[2000]. Peter! by St Peter; see note to l. 1034.

[2004]. Cunne ginne, know how to begin. (Gin, a contrivance, is monosyllabic).

[2009]. I substitute the dissyllabic swich-e for the monosyllabic these, to preserve the melody.

[2011]. 'To drive away thy heaviness with.'

[2017]. MS. F. has frot, which has no meaning, but may be a misspelling of froit, which is another form of fruit. As Koch says, we must read The fruit, remembering that Chaucer uses fruit in the peculiar sense of 'upshot' or 'result.'

'And for it is no fruit but los of tyme'; Squi. Ta., F 74.

'The fruyt of this matere is that I telle'; Man of Lawes Ta., B 411.

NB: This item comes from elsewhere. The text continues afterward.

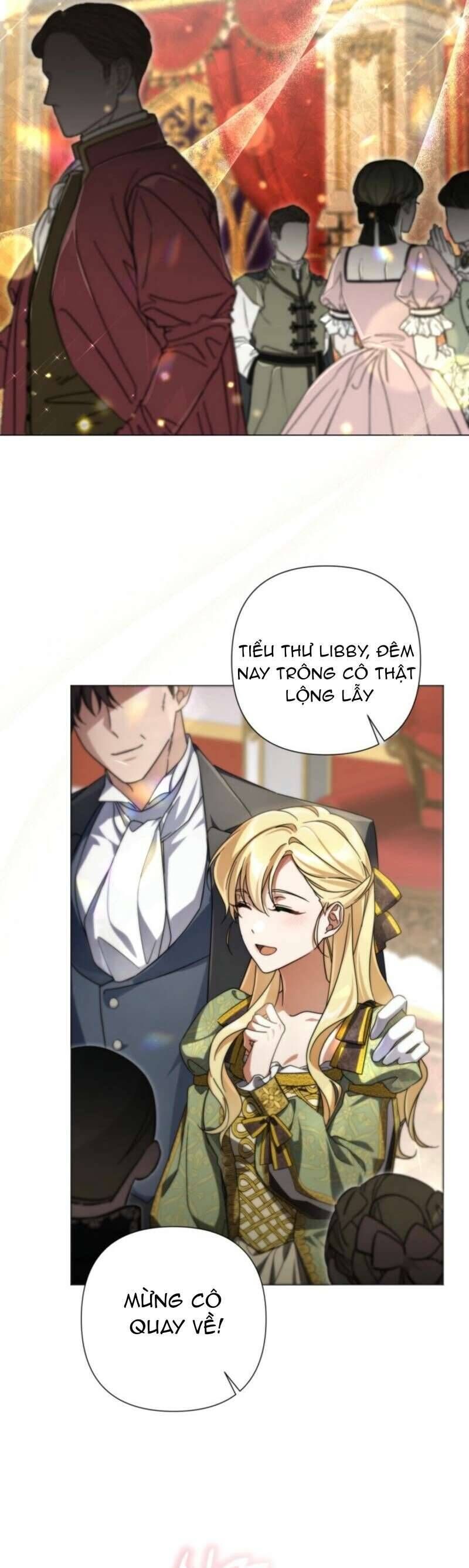 Tiểu Thư Phản Diện Bj - Chapter 3 - Page 27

In the present case, it would be used in a double sense; (1) of result, (2) of a fruit that withers and is ready to burst open. As to the spelling froit, we find froyte in the Petworth MS. in the latter of the above quotations, where other MSS. have fruyt or fruite. The swote (Cx. Th.) means 'the sweetness.'

[2019]. That, in this line, goes back to Sith that in l. 2007.

[2021]. I suppress in after yaf, because it is not wanted for the sense, and spoils the metre.